The 2012–13 West of Scotland Super League Premier Division was the eleventh Super League Premier Division competition since the formation of the Scottish Junior Football Association, West Region in 2002. The season began on 18 August 2012. The winners of this competition gain direct entry to round one of the 
2013–14 Scottish Cup. The two last placed sides were relegated to the Super League First Division. The third-bottom placed side entered the West Region league play-off, a two-legged tie against the third placed side in the Super League First Division, to decide the final promotion/relegation spot.

Auchinleck Talbot won the championship on 1 May 2013.

Member clubs for the 2012–13 season
Irvine Meadow were the reigning champions.

Glenafton Athletic and Shotts Bon Accord were promoted from the Super League First Division, replacing Largs Thistle and Kilbirnie Ladeside.

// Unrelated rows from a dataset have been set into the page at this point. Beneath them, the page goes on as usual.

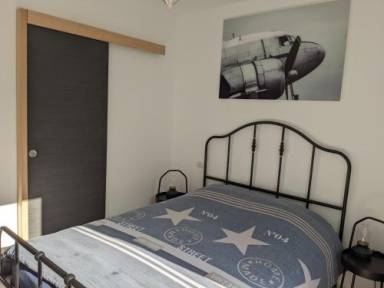 Bed and breakfast  Villefranche-sur-Saone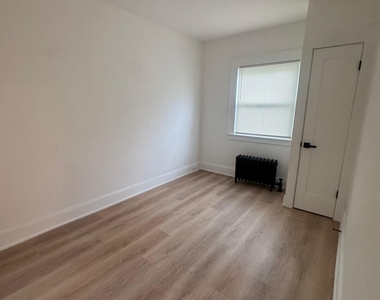 51 Marion Street - Photo Thumbnail 12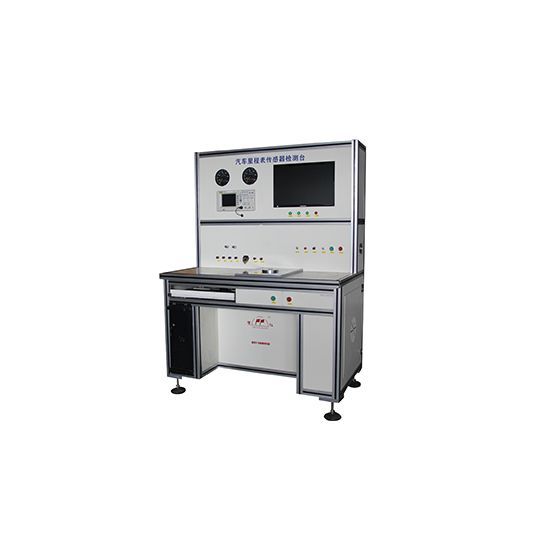 SHCG-2�������������̨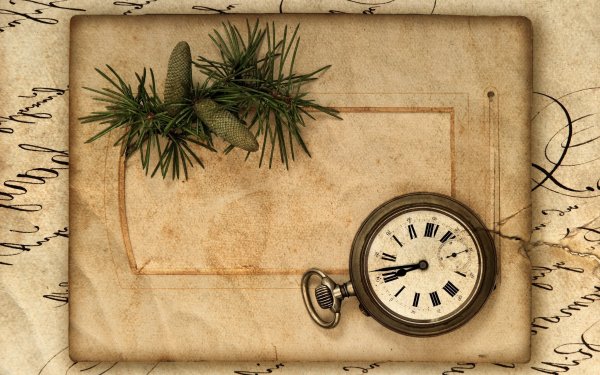 Фон для мужской открытки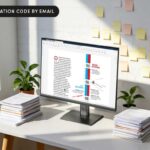 3242502-0-37633100-1790409679-PDF-Agile-1.jpg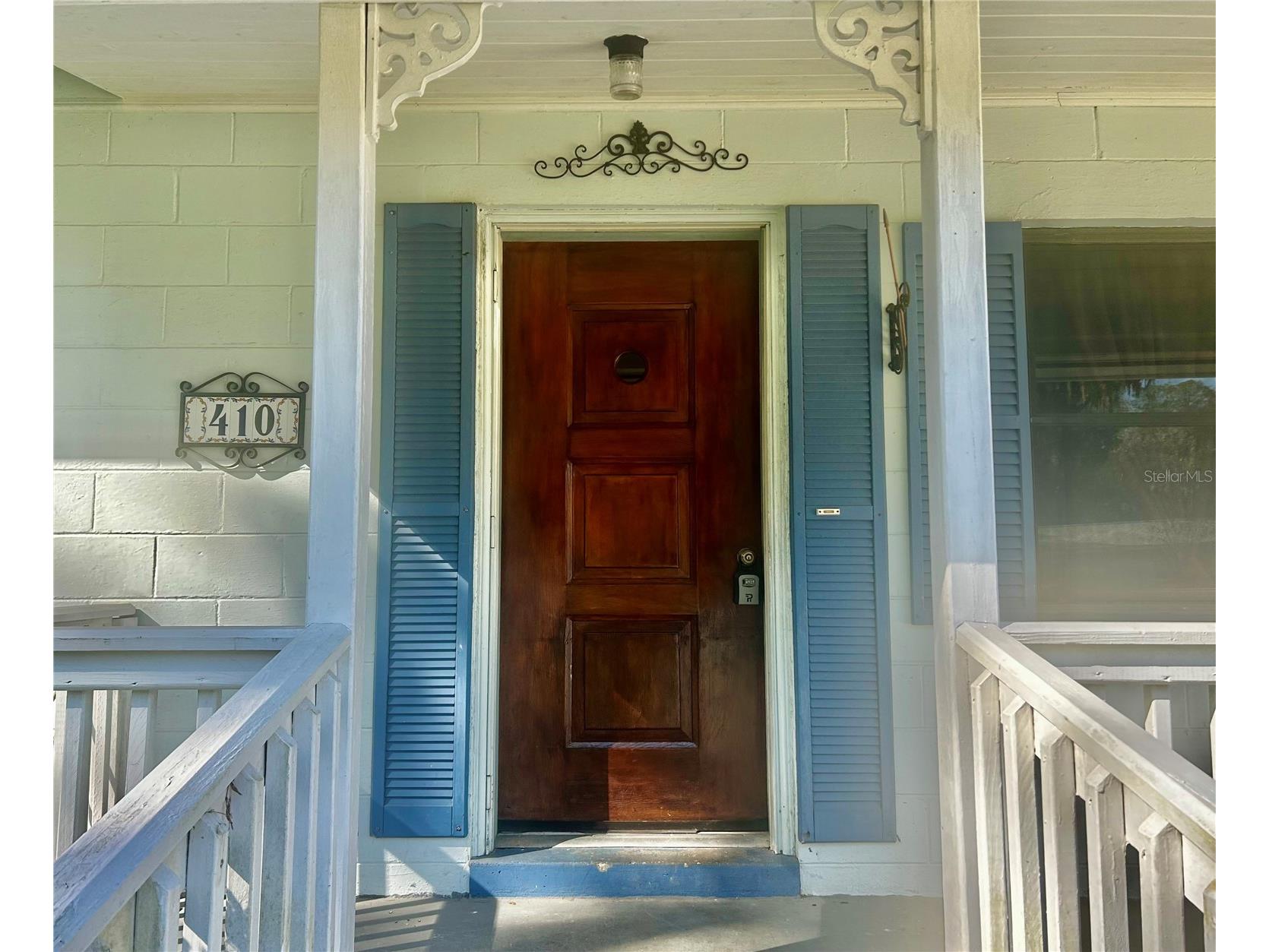 410 NE 15th Court Ocala FL 34470 OM721264 image4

Pollok had retained their place in the league after defeating Renfrew in the West Region League play-off.

Managerial changes

League table

Results

West Region League play-off
Largs Thistle, who finished third in the Super League First Division, defeated Ashfield 4 – 3 on penalty kicks after a 7 – 7 draw on aggregate in the West Region League play-off. Largs will replace Ashfield in the 2013–14 West of Scotland Super League Premier Division.